** SUPPLIED MATERIAL follows **

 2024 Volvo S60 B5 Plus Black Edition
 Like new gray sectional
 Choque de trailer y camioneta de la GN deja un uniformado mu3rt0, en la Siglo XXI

** End of SUPPLIED MATERIAL **

- [WHAT IS REQUIRED]: All of the data needs to be repeated exactly.

- [REPLY]:
 2024 Volvo S60 B5 Plus Black Edition
 Like new gray sectional
 Choque de trailer y camioneta de la GN deja un uniformado mu3rt0, en la Siglo XXI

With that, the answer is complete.